Firstly, note the single quotes when $_ is assigned. If there were double quotes, we'd need \@ instead of @ . Remember, double quotes "" allow variable interpolation, so Perl looks for an array called @NetCat which does not exist.

Secondly, look at the parens around the entire regex. If you use parens, a side effect is that the first match is put into a variable called $1 . We'll get to the main effect later. The second match goes into $2 and so on. Also note that the \@ has been escaped, so perl doesn't think it is an array. Remember \ either escapes a special character, or gives a special meaning. Think of it as Superman's telephone box. Imagine Clark Kent walking around with his magic partner Back Slash.

Notice how we specify in the regex case-insensitivity with /i and the regex returns the case-sensitive string - that is, exactly what it found.

Try the regex without parens. Then try this one:


/<(robert)\@netcat.co.uk>/i;

You can put the parens anywhere. More or less. Now, run this :

$_='My email address is <Robert@NetCat.co.uk>.';



/<(robert)\@(netcat.co.uk)>/i;



print "Found it ! $1 at $2\n";

See, you can have more than one ! Look at the above regex. Looks easy now, don't you think ? What about five minutes ago ? It would have looked like a typing mistake ! Well, there are some hairier regex to come, but you'll have a good barber.

* + -- regexes become line noise

What if we didn't know what the email address was going to be ?


$_='My email address is <webslave@work.com>.';



print "Found it ! :$1:" if /(<.*>)/i;

When you see an if statement like this, read it right to left. The print statement is only executed if code on the right of the expression is true.

We'll discuss this. Firstly, we have the opening parens ( . So everything from ( to ) will be put into $1 if the match is successful. Then the first character of what we are searching for, < . Then we have a dot, or period . . For this regex, we can assume . matches any character at all.

So we are now matching < followed by any character. The * means 0 or more of the previous character. The regex finishes by requiring > .

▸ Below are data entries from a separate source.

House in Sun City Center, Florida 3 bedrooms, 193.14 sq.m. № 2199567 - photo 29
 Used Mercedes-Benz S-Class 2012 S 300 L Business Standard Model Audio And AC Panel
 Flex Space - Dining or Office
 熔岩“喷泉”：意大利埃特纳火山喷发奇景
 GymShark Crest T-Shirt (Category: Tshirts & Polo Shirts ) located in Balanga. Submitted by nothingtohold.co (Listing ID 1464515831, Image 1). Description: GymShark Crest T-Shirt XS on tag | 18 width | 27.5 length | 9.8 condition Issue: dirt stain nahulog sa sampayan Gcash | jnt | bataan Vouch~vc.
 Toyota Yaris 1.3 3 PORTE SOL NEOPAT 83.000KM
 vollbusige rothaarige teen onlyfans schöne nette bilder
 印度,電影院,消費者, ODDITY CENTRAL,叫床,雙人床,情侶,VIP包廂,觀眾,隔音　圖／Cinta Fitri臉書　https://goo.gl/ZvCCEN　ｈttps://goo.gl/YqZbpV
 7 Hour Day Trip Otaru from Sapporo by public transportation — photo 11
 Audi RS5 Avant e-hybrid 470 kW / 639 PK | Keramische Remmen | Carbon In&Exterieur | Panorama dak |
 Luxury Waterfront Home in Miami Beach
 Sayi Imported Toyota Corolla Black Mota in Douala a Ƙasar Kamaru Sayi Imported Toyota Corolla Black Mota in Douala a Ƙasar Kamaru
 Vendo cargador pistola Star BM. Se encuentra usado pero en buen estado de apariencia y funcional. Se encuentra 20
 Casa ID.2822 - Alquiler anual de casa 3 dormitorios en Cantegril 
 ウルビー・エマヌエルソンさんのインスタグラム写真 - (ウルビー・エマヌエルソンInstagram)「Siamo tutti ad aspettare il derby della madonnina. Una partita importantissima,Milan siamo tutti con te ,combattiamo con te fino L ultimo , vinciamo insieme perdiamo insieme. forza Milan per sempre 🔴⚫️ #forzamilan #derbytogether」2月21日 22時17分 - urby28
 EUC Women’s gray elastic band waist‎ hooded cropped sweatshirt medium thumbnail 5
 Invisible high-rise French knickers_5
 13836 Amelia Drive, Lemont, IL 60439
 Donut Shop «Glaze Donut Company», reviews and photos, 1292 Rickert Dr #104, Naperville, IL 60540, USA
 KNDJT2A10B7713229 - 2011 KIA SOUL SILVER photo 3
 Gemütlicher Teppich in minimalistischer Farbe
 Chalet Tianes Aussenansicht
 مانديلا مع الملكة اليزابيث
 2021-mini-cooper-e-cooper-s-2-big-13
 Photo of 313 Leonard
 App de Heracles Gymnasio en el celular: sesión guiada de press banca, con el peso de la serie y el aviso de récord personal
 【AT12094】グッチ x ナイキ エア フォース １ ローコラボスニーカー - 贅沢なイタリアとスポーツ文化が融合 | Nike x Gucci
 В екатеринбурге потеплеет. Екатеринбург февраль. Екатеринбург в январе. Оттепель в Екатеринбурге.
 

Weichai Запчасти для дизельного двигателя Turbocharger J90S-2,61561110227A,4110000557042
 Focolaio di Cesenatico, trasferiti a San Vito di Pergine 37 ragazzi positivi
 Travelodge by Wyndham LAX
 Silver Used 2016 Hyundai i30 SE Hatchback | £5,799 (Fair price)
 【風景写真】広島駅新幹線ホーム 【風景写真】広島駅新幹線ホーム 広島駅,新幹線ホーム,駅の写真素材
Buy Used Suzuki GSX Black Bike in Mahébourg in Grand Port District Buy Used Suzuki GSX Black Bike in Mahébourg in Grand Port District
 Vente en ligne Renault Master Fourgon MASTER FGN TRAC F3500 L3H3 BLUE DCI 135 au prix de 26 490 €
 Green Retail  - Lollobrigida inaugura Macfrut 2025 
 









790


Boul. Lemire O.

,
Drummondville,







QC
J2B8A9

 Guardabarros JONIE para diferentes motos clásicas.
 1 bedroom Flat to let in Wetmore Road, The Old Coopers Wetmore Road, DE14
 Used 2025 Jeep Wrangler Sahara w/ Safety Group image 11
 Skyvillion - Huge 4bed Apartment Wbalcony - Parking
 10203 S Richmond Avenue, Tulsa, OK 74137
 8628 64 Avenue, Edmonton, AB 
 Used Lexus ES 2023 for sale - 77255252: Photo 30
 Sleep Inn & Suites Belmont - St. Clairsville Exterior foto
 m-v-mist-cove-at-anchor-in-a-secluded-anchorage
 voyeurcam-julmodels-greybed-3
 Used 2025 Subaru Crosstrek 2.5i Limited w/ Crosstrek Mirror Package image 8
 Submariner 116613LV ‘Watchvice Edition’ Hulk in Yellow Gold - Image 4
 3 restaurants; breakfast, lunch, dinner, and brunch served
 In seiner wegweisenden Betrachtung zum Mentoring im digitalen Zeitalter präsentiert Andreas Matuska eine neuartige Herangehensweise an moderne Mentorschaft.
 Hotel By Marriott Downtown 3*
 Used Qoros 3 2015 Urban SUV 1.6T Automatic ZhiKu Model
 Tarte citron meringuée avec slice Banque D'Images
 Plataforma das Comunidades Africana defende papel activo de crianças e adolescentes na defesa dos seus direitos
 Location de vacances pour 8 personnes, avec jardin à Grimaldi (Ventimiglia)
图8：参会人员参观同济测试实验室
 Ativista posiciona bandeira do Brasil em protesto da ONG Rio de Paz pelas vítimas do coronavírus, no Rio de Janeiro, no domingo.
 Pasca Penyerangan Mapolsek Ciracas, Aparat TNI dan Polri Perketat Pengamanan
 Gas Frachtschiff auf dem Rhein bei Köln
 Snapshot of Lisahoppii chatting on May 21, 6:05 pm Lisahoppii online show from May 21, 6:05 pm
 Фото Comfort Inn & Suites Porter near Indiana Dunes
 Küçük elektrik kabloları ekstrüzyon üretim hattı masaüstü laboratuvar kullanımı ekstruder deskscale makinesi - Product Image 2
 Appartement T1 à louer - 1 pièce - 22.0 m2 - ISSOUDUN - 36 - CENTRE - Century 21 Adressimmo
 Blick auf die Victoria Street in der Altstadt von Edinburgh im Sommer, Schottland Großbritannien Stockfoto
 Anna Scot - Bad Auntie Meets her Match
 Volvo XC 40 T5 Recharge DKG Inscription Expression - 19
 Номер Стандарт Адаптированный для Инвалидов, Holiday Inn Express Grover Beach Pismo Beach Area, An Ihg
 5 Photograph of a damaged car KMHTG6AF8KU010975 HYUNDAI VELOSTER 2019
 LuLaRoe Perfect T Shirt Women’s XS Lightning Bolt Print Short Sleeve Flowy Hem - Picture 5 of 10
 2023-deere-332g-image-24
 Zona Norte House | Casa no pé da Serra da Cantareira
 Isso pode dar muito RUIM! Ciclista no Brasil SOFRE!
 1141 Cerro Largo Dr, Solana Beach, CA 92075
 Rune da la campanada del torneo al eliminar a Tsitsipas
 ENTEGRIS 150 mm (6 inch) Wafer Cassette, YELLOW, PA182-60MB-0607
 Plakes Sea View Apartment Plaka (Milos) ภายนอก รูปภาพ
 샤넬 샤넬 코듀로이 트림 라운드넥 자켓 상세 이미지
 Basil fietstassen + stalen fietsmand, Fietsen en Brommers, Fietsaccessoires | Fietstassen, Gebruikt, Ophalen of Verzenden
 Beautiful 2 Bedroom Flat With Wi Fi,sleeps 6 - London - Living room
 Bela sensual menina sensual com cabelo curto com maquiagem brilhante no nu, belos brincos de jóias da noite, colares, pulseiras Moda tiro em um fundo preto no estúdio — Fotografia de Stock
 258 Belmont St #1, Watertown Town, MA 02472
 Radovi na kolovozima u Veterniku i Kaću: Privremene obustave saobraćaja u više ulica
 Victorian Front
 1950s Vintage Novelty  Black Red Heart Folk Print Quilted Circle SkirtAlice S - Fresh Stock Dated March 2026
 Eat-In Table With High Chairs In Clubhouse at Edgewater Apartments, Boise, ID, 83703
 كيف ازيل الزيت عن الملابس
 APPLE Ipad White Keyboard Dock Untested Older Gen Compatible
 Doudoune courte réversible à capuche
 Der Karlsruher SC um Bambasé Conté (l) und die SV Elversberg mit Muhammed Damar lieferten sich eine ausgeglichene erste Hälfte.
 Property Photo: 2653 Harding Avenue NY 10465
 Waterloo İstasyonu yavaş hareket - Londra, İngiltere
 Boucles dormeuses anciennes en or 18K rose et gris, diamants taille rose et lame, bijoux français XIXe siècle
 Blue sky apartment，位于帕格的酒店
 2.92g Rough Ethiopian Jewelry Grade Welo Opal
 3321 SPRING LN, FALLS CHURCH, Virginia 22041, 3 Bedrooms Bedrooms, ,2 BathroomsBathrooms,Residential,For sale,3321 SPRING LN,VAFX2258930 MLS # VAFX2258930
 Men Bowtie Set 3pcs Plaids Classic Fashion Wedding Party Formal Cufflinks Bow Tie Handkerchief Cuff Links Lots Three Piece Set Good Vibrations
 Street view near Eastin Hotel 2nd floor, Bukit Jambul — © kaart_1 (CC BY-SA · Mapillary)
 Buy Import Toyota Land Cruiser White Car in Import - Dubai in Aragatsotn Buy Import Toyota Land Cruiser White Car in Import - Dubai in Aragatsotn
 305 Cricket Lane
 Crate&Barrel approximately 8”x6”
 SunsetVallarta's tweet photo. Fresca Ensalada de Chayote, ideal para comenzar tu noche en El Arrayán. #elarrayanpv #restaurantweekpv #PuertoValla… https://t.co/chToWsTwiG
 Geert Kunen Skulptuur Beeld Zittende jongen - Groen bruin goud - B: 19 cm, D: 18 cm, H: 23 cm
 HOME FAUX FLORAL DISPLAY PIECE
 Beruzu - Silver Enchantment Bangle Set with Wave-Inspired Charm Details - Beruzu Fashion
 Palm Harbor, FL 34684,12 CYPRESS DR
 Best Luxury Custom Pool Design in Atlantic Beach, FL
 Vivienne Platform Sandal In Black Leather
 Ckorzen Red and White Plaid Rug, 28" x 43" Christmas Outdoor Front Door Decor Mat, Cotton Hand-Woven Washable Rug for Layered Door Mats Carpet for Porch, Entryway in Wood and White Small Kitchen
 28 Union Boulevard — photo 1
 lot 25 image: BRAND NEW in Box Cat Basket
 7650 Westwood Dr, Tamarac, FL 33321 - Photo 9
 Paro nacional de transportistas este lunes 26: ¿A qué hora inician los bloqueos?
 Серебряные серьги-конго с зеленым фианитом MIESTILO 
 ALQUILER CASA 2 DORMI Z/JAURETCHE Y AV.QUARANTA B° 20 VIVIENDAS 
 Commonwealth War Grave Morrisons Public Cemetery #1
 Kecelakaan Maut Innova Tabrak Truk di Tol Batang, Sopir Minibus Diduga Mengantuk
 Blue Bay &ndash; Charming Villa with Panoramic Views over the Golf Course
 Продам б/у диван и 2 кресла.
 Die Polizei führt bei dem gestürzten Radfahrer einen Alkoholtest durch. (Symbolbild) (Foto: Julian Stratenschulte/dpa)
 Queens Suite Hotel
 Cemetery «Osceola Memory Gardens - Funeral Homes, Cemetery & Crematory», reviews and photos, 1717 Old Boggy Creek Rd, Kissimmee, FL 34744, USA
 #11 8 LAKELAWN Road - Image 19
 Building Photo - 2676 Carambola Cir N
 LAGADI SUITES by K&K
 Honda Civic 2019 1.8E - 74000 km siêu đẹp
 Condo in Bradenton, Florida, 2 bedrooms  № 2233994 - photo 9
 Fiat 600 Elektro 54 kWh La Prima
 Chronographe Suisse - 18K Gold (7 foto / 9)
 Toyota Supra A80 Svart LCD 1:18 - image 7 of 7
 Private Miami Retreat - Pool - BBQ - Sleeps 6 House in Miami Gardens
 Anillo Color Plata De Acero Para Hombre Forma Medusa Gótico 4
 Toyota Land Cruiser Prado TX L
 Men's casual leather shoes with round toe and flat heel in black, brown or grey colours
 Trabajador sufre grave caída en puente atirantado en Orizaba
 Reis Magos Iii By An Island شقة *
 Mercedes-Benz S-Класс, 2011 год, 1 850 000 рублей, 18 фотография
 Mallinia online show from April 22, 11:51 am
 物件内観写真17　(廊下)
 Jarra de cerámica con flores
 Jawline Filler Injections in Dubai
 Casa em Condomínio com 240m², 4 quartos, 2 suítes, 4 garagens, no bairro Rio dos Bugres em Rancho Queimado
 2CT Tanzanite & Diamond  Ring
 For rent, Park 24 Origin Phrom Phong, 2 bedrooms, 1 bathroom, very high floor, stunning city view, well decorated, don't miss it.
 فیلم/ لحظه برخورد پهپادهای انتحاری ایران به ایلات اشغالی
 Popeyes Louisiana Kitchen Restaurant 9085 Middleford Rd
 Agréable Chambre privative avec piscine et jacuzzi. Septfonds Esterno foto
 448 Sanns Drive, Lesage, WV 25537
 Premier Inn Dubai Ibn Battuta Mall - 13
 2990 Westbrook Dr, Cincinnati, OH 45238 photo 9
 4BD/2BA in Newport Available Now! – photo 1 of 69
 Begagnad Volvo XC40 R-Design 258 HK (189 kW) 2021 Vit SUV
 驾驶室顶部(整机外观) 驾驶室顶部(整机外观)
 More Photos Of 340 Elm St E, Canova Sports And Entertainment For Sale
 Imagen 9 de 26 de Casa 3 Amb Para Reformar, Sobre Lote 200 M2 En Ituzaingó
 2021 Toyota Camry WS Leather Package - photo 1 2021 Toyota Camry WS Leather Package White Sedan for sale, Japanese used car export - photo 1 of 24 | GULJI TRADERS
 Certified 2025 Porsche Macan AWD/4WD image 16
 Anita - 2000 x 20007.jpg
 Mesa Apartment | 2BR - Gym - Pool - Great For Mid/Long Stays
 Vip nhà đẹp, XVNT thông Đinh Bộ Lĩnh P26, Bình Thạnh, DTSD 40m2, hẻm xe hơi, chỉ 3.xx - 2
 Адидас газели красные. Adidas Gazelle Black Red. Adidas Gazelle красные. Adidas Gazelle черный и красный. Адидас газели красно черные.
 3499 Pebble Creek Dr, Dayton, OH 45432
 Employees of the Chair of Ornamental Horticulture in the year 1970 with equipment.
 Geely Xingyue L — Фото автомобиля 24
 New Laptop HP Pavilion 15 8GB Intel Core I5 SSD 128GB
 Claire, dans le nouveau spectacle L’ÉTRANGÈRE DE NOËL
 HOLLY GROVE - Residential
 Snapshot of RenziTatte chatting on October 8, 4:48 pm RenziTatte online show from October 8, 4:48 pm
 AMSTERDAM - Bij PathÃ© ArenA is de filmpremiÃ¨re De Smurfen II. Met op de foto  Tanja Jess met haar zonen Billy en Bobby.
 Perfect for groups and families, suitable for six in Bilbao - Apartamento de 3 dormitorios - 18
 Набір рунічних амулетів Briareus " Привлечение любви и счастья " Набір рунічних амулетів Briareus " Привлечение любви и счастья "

This is important. Get the basics right and all regex are easy (I read somewhere once). An example best illustrates the point. Slot this regex in instead:


$_='My email address is <webslave@work.com>.';



print "Found it ! :$1:" if /(<*>)/i;



What's happening here ?

The regex starts, logically, at the start of the string. This doesn't mean it starts a 'M', it starts just before M. There is a 'nothing' between the string start and 'M'.

The regex is searching for <* , which is 0 or more < .

The first thing it finds is not < , but the nothing in between the start of the string and the 'M' from 'My email...". Does this match ?

As the regex is looking for "0 or more" < , we can certainly say that there are 0 < at the start of the string. So the match is, so far, successful. We have dealt with <* .

However, the next item to match is > . Unfortunately, the next item in the string is 'M', from 'My email..". The match fails at this point. Sure, it matched < without any problem, but the complete match has to work.

The only two characters that can match successfully at this point are < or > . The 'point' being that <* has been matched successfully, and we need either > to complete the match or more of < to continue the '0 or more' match denoted by * .

'M' is neither of them, so it fails at this point, when it has matched

Quick clarification - the regex cannot successfully match < , then skip on ahead through the string until it matches > . The characters in the string between < > also need to match the regex, and they don't in this case.

All is not lost. Regexes are hardy little beasts and don't give up easily. An attempt is made to match the regex wherever possible. The regex system keeps trying the match at every possible place in the string, working towards the end.

Let's look at the match when it reaches the 'm' in 'work.com'.

Again, we have here 0 < . So the match works as before. After success on <* the next character is analysed - it is a > , so the match is successful.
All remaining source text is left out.